(Pictures with short captions)
=-=-=

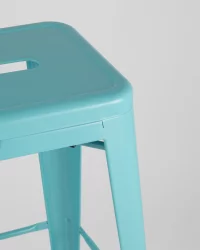 Стул барный Толикс Голубой матовый / Tolix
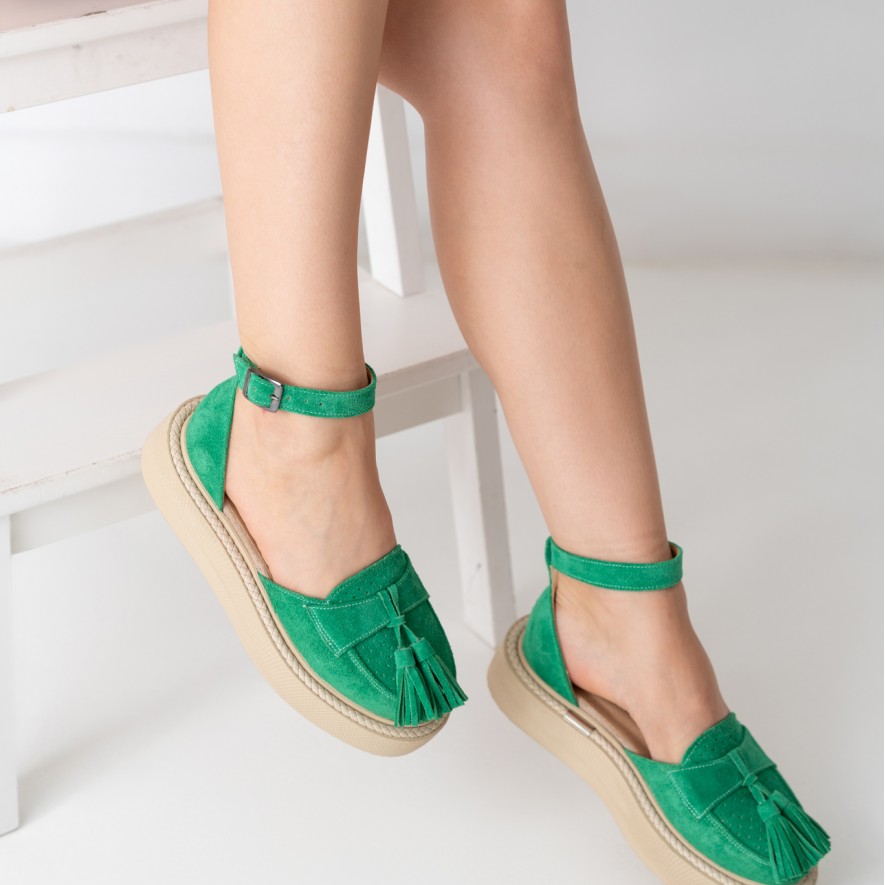     Pantofi - Augustino - Green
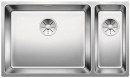 BLANCO 522991 Mosogató Andano 500/180-U selyem fényű nemesa.InFino rúd nélkül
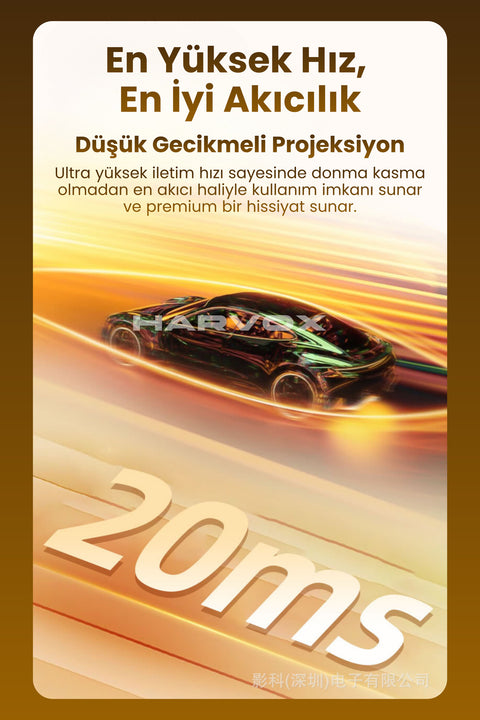 Apollon Vision Akıllı Projeksiyon (, 9750mAh, 150 Ansi Lumen)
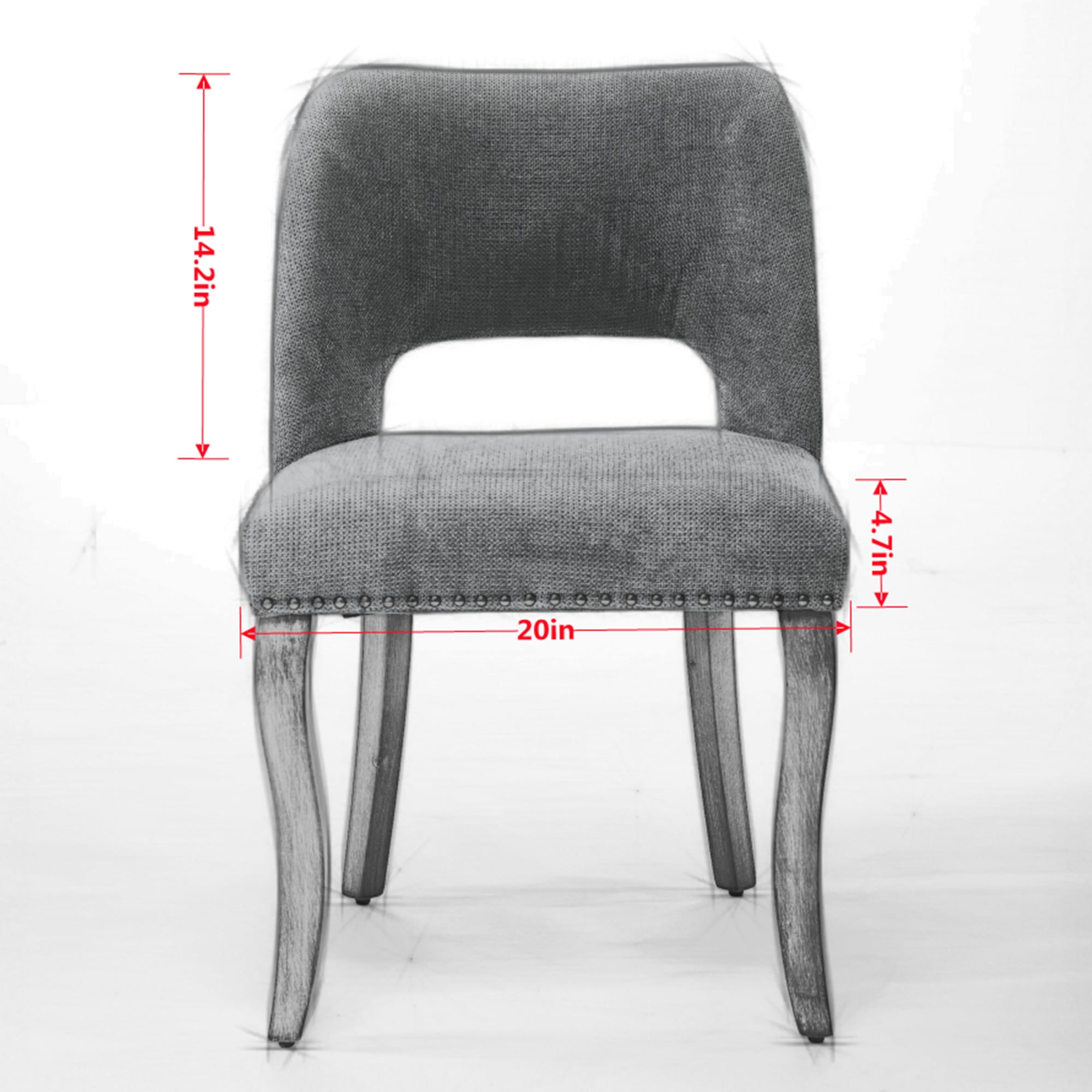 Dining Chairs Set of 2, Upholstered Dining Chairs, Farmhouse Chairs&nbsp;With Hollow-Out Curved Backrest, Dual Rebound S-Spring And Foam Cushion, Curved Solid Wood Legs, Beige Breathable Fabric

=-=-=

» **WHAT YOU ARE ASKED TO DO**: One exact copy of the data, no pictures: write it out line for line.

» **ANSWER SECTION**:
 Стул барный Толикс Голубой матовый / Tolix
     Pantofi - Augustino - Green
 BLANCO 522991 Mosogató Andano 500/180-U selyem fényű nemesa.InFino rúd nélkül
 Apollon Vision Akıllı Projeksiyon (, 9750mAh, 150 Ansi Lumen)
 Dining Chairs Set of 2, Upholstered Dining Chairs, Farmhouse Chairs&nbsp;With Hollow-Out Curved Backrest, Dual Rebound S-Spring And Foam Cushion, Curved Solid Wood Legs, Beige Breathable Fabric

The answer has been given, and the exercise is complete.